# The problem:
Everything in the listing should be copied exactly, save for the pictures.

# Dataset section:

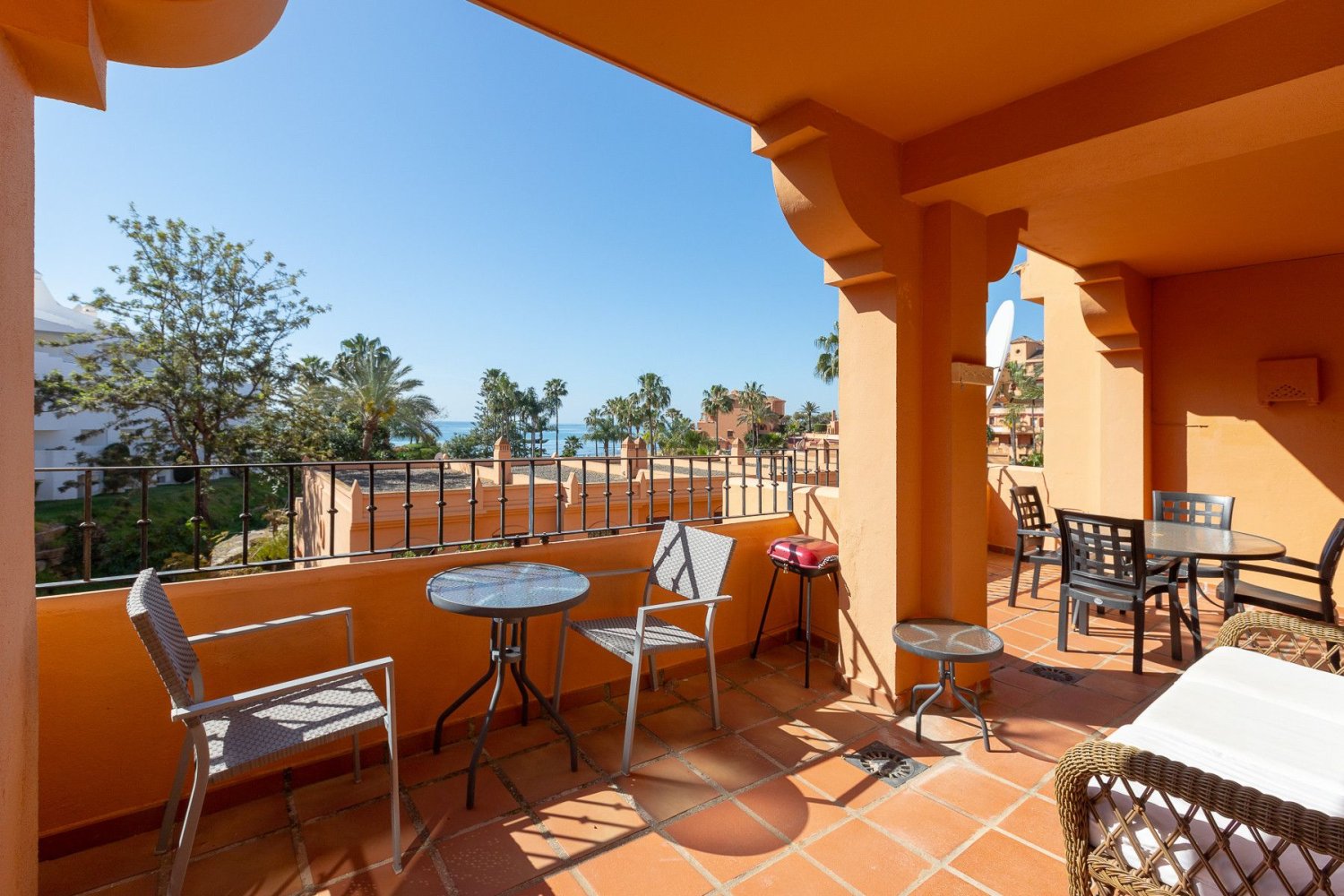 2 bedrooms Apartment in Estepona, Spain No. 170040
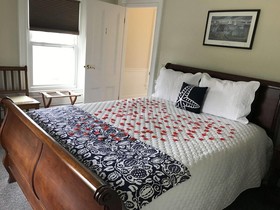 Harbor House Inn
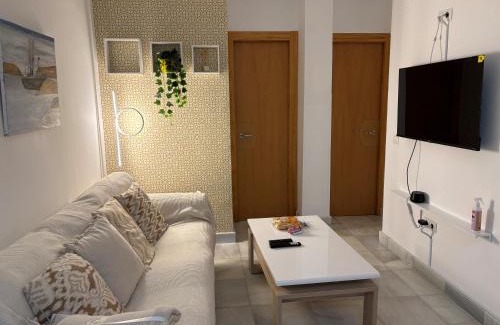 Nervion Apartment | Muy bonito apartamento en Nervión de dos habitaciones y dos baños con patio privado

# Answer to this task:
 2 bedrooms Apartment in Estepona, Spain No. 170040
 Harbor House Inn
 Nervion Apartment | Muy bonito apartamento en Nervión de dos habitaciones y dos baños con patio privado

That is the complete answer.